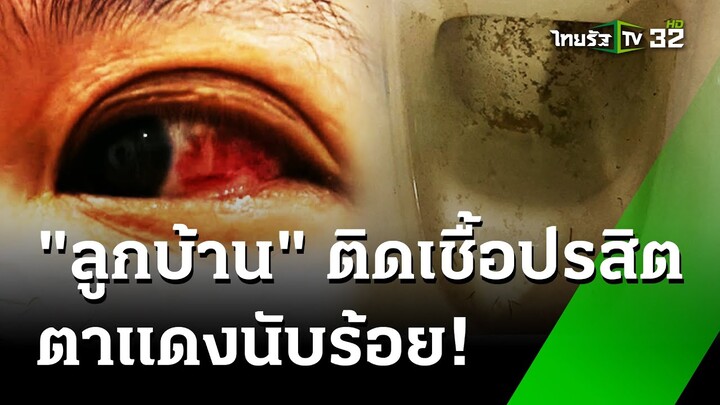 คอนโดสยอง น้ำมีปรสิตทำลูกบ้านตาแดงนับร้อย  | 10 ก.ค. 67  | ข่าวเช้าหัวเขียว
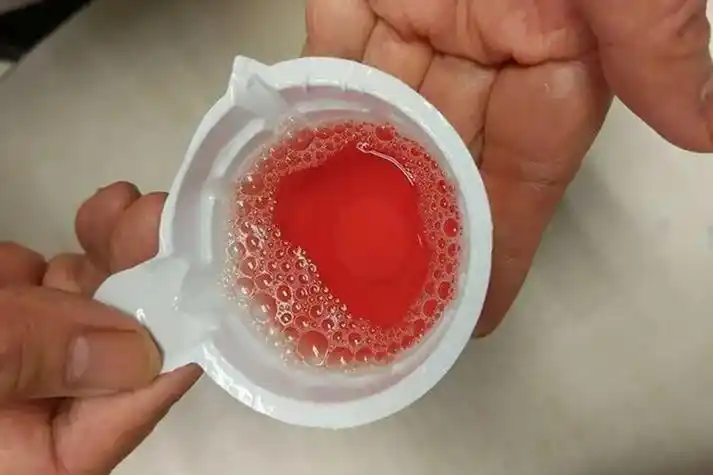 紫癜严重的图片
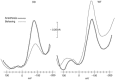 FIGURE 9.4. Individual voltammograms obtained from the striatum of a transgenic (HD) and a wild-type (WT) mouse during anesthesia and subsequent waking (behaving).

Instructions for the task
Copy out all the data without changing anything, and drop the pictures.

Task solution
 คอนโดสยอง น้ำมีปรสิตทำลูกบ้านตาแดงนับร้อย  | 10 ก.ค. 67  | ข่าวเช้าหัวเขียว
 紫癜严重的图片
 FIGURE 9.4. Individual voltammograms obtained from the striatum of a transgenic (HD) and a wild-type (WT) mouse during anesthesia and subsequent waking (behaving).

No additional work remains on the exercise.